Taylor has much more to prove
The latest Rex Ryan Bowl was one that likely would’ve made him proud.
If he hadn’t, you know, been fired by both the Jets and Bills.
How much extra attention the one-time coach turned ESPN analyst paid to Sunday’s season opener at New Era Field between his ex-teams is a query for another time, but for those who bore witness to Bills 21, Jets 12, the question is what to make of Tyrod Taylor.
Is he still a work in progress? Is he maturing into a quarterback who can manage a game? Or is he still a question mark on a team for which little is expected in 2017?
And there is no real answer to be gleaned simply because it is suboptimal to read much into Taylor’s performance against a Jets squad which appears to be angling for the first overall pick in the 2018 NFL Draft.
Taylor was effective against the Jets, completing 16 of 28 passes for 224 yards and two touchdowns. Both scores were one-yard dumpoffs to Charles Clay and Andre Holmes. Taylor was also picked once. On the game-opening drive, the Bills had driven from their 25-yard line to the Jets’ 8, and on third down the 180th selection in the 2011 draft threw a pass which appeared to ricochet off of Clay’s hands into Juston Burris’. However a three-and-out made the interception a moot point.
To augment his solid passing day, Taylor also ran eight times for 38 yards, while showing elusiveness in the pocket to avoid the Jets’ pass rush as he was sacked just twice.
In all, he played well. But there is a significant difference between playing well in a win against the Jets in September and playing well in a win against, say, the Patriots in December with a playoff berth at stake.

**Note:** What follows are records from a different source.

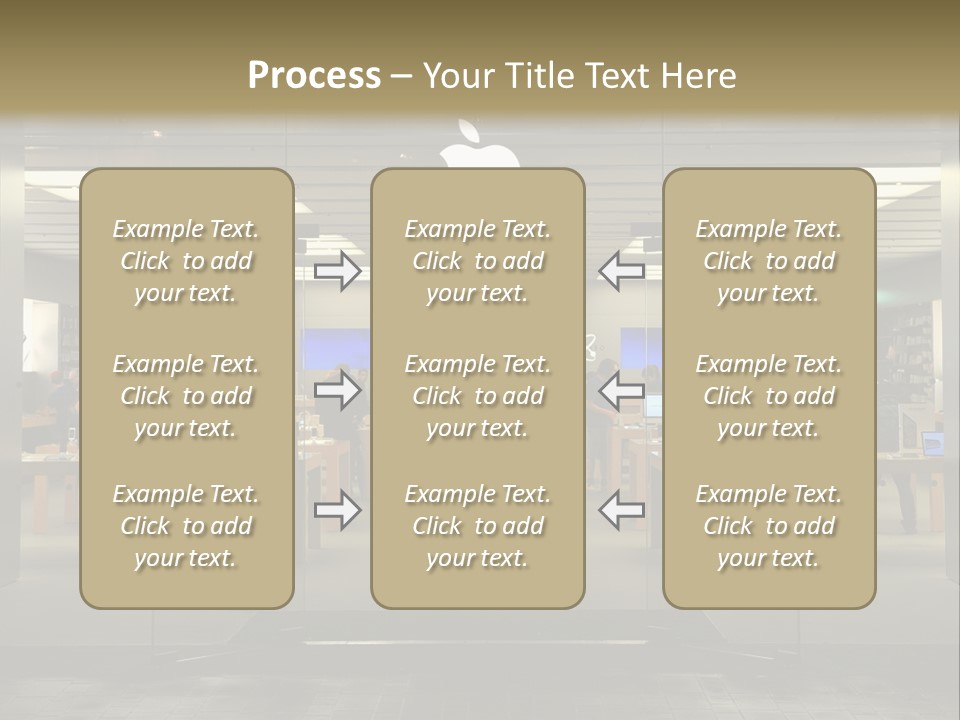 A Group Of People Standing Inside Of An Apple Store PowerPoint Template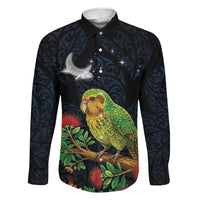 New Zealand Kakapo Matariki Personalised Family Matching Mermaid Dress and Hawaiian Shirt Pohutukawa Flower Galaxy Maori Pattern LT22 Dad's Shirt - Long Sleeve Black - Polynesian Pride
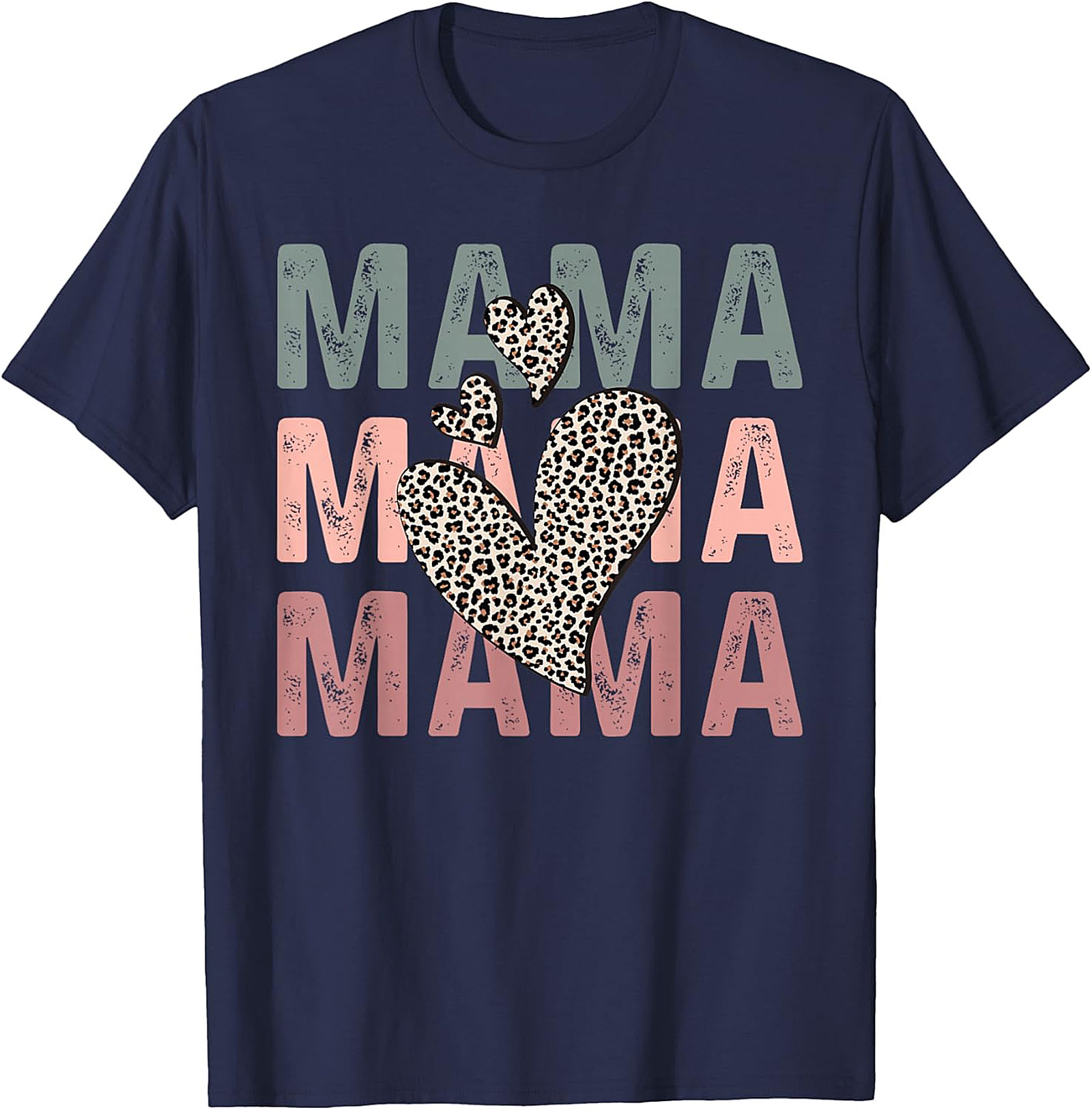Mama Leopard Heart Graphic Tee Retro Motherhood T-Shirt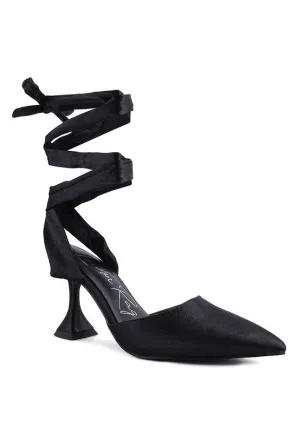 Fonda Satin Lace up Point Toe Pump Dress Shoes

So perhaps a better evaluation of Taylor will come in the next four games against the Panthers, Broncos, NFC Champion Falcons and Bengals.
Following those games, the Bills will be at their bye week and perhaps a more complete analysis of Taylor’s play can begin to be compiled. Until then, what would the Bills need to see from their starting quarterback?
Essentially, game management. Outside of his one interception and the two sacks, Taylor did not hurt the Bills. He was aided by a strong running game and a defensive effort which limited the anemic Jets offense to 12 points (two field goals and a one-yard Josh McCown touchdown plunge), 55 plays and 214 yards in 26:56 of possession time.
New York’s running back tandem of Matt Forte (six carries for 16 yards) and Bilal Powell (seven rushes for 22 yards) was limited to 38 yards on 13 attempts, essentially forcing McCown to win the game. McCown did complete 26 of 39 passes for 176 yards, but was picked off twice late in the fourth quarter by Jordan Poyer and Micah Hyde.
By comparison, LeSean McCoy (22 carries for 110 yards; five catches for 49 yards) and Mike Tolbert (12 rushes for 42 yards and a one yard touchdown; one catch for 12 yards) tag-teamed the Jets defense for 152 yards and a touchdown on 34 carries, which led the Bills to having 33 minutes and four seconds of possession.
Ryan firmly believed adding a ball control offense to a defense that can limit opponents to one dimension is a formula for success during his tenures at One Jets Drive and One Bills Drive. For a team lacking explosive offensive playmakers, it may be the only way the Bills to be competitive, to say nothing of winning.
But in order for the Bills to smoothly implement that blueprint, a mistake-minimizing Taylor will be key. An above-average performance against arguably the worst team in the league didn’t tell us much.